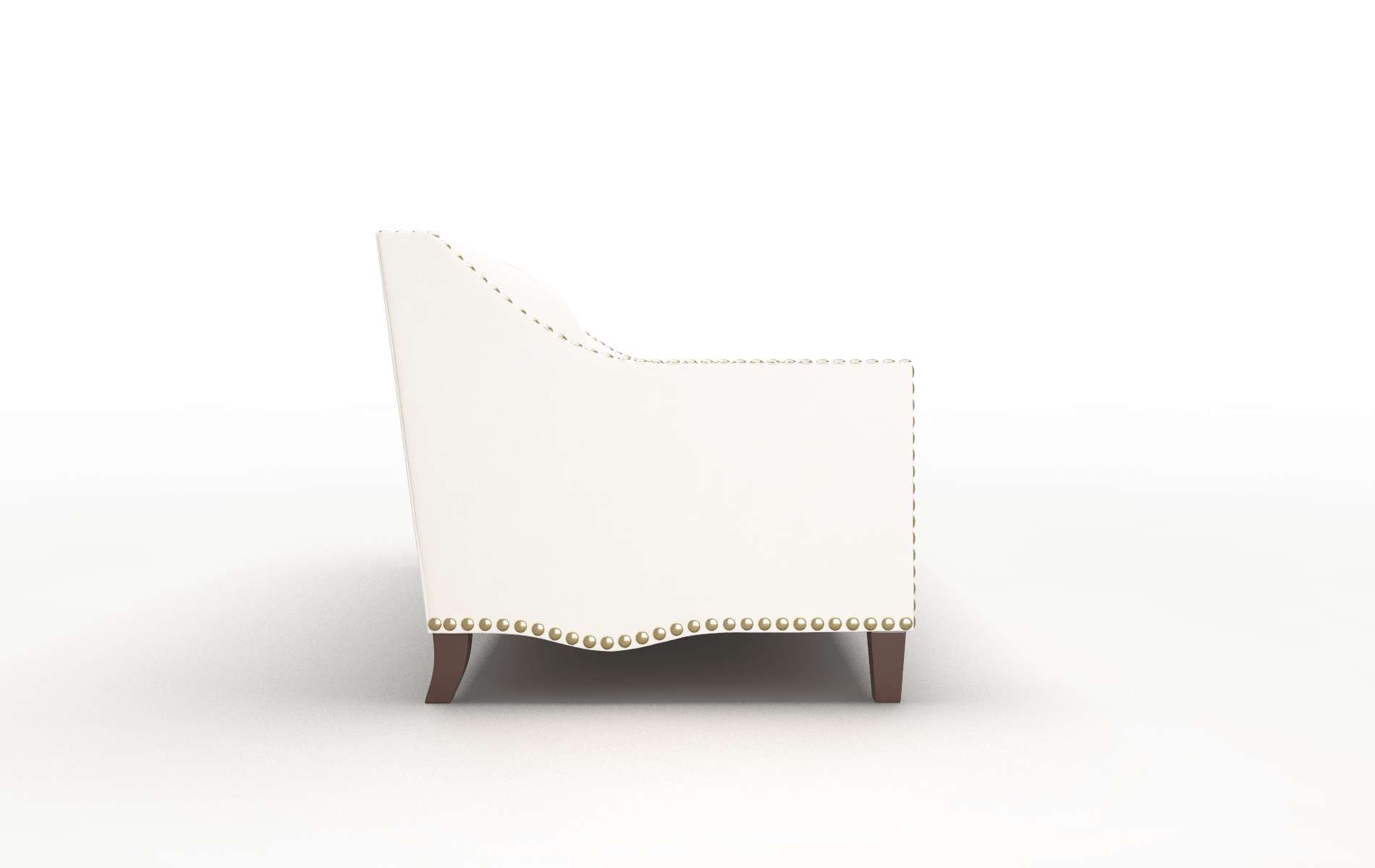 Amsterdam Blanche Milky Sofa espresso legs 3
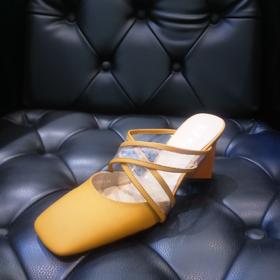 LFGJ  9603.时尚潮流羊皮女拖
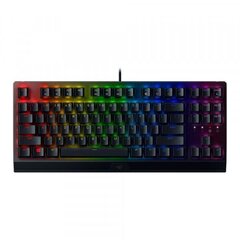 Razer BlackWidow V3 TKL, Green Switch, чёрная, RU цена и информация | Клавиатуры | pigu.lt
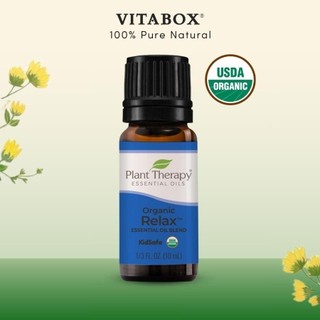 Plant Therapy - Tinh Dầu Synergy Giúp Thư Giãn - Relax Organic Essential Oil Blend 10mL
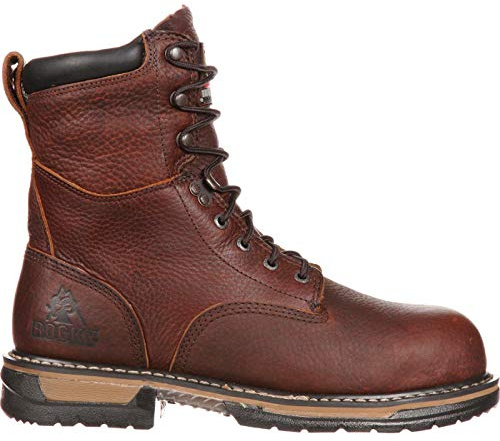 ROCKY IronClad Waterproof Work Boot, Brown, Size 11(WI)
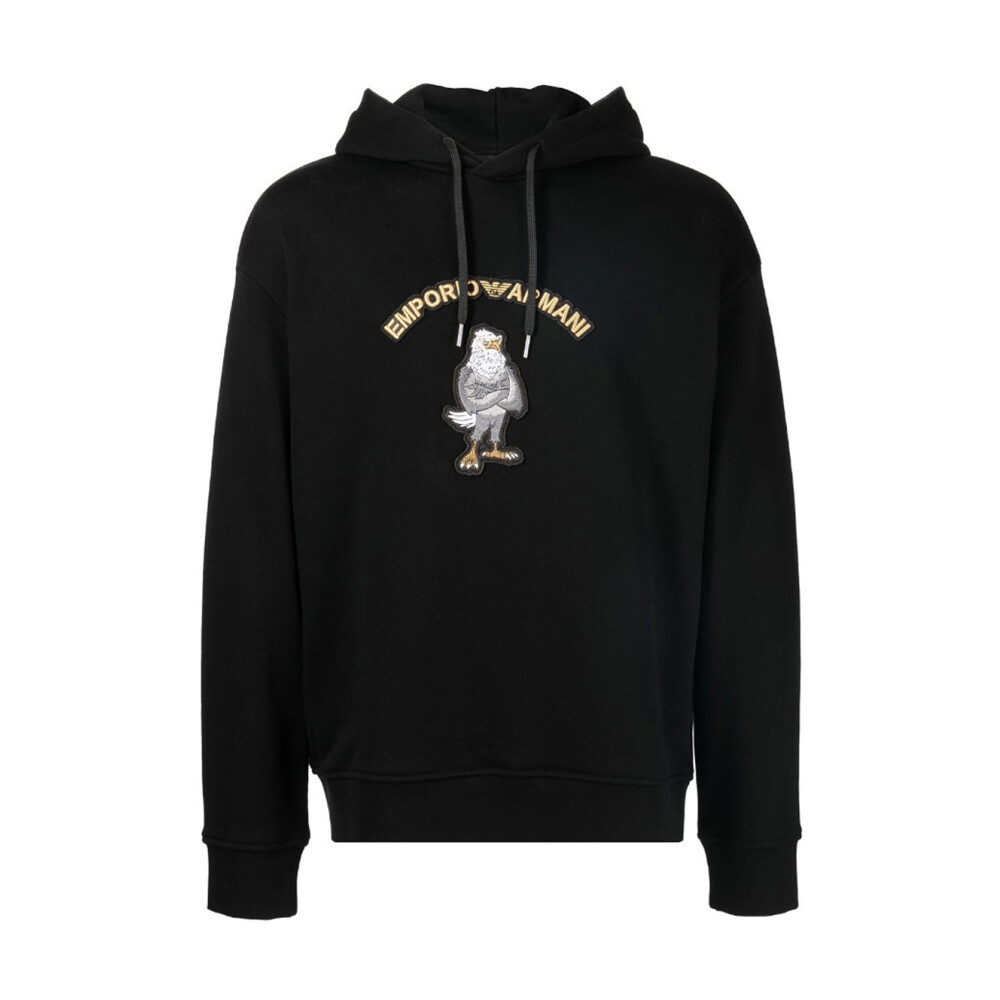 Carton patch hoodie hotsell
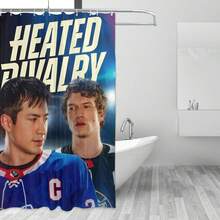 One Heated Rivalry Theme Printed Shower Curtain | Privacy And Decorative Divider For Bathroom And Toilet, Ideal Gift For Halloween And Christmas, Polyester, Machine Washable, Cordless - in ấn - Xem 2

● **Assignment**: Restate, word for word and without pictures, the lines from the line containing "Carton patch hoodie hotsell" to the last line of the records above.

● **The answer**:
 Carton patch hoodie hotsell
 One Heated Rivalry Theme Printed Shower Curtain | Privacy And Decorative Divider For Bathroom And Toilet, Ideal Gift For Halloween And Christmas, Polyester, Machine Washable, Cordless - in ấn - Xem 2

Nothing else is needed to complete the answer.